Still, by playing “tit for tat,” ROC can cause more diplomatic trouble to PRC. It could take advantage of the growing international sympathy to beef up its soft power, which happens to be China’s Achilles heel despite the latter’s near one decade’s worth of tremendous investment in this area. It may also lobby for more active participation in international organizations where universality is critical to their effectiveness. Indeed, the need to include every country (region) to forge a seamless global framework against transborder spread of acute disease outbreaks means that states will have to cede sovereignty to a certain extent in specific cases in order to ensure the adequate provision of health security as a global public good.

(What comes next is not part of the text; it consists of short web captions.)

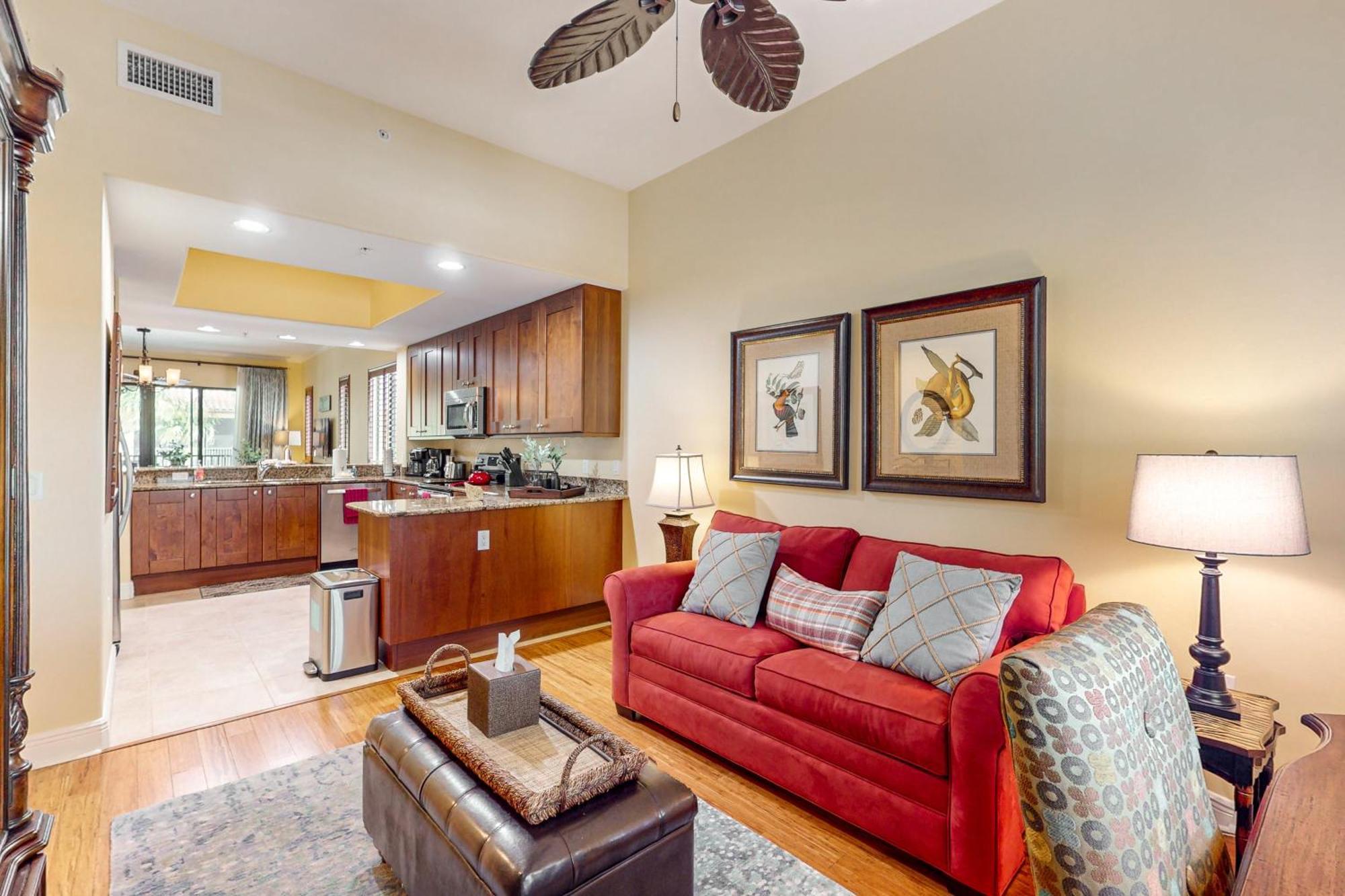 The At Bay Apartment *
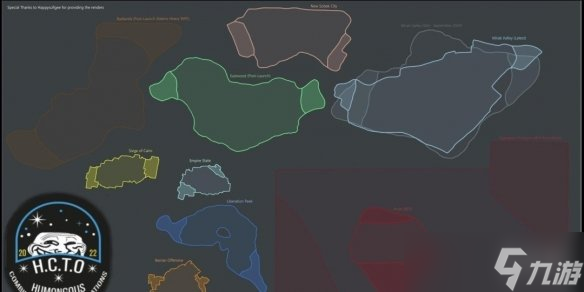大逃杀模式超大地图来了！《战地6》全新地图曝光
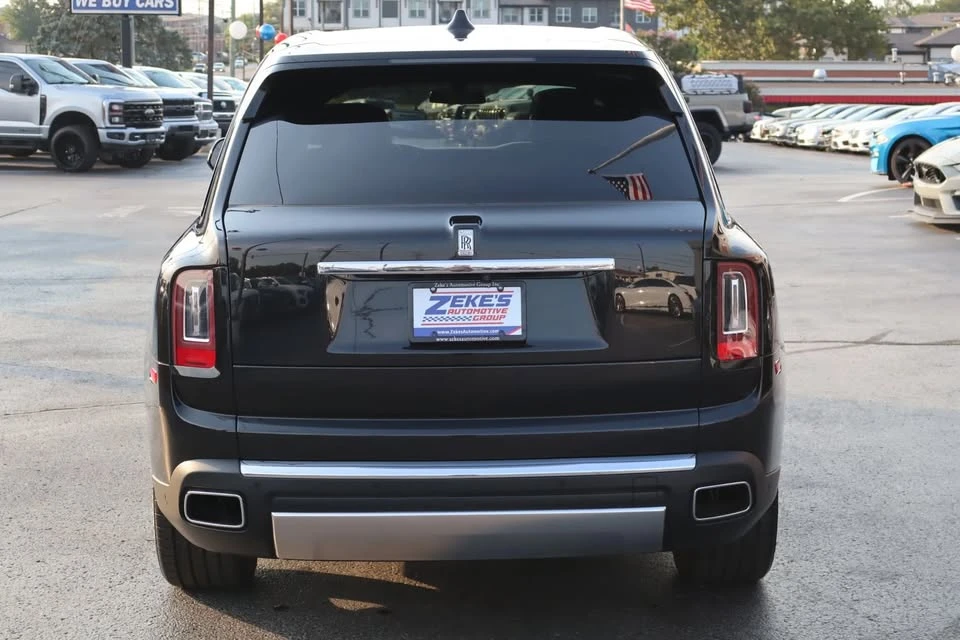 2019 Rolls-Royce Cullinan - Image 6 of 20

Taiwan’s odds are pretty good at a time when Washington is disappointed with the lack of reciprocity from China in bilateral relations. Last month, President Obama signed a bill supporting Taiwan’s observer status in the International Criminal Police Organization (Interpol). In that sense, it would be diplomatically more productive for PRC to map out a strategy on how to use the WHA model as a template in preparing for ROC’s future access to other global bodies rather than use its gatekeeper status in Taiwan’s WHA participation to marginalize Taiwan in global diplomacy. The effectiveness and replicability of the model, though, depend on whether leaders on both sides can agree upon a new political formula as flexible as the 1992 Consensus to anchor the future cross-strait dynamics.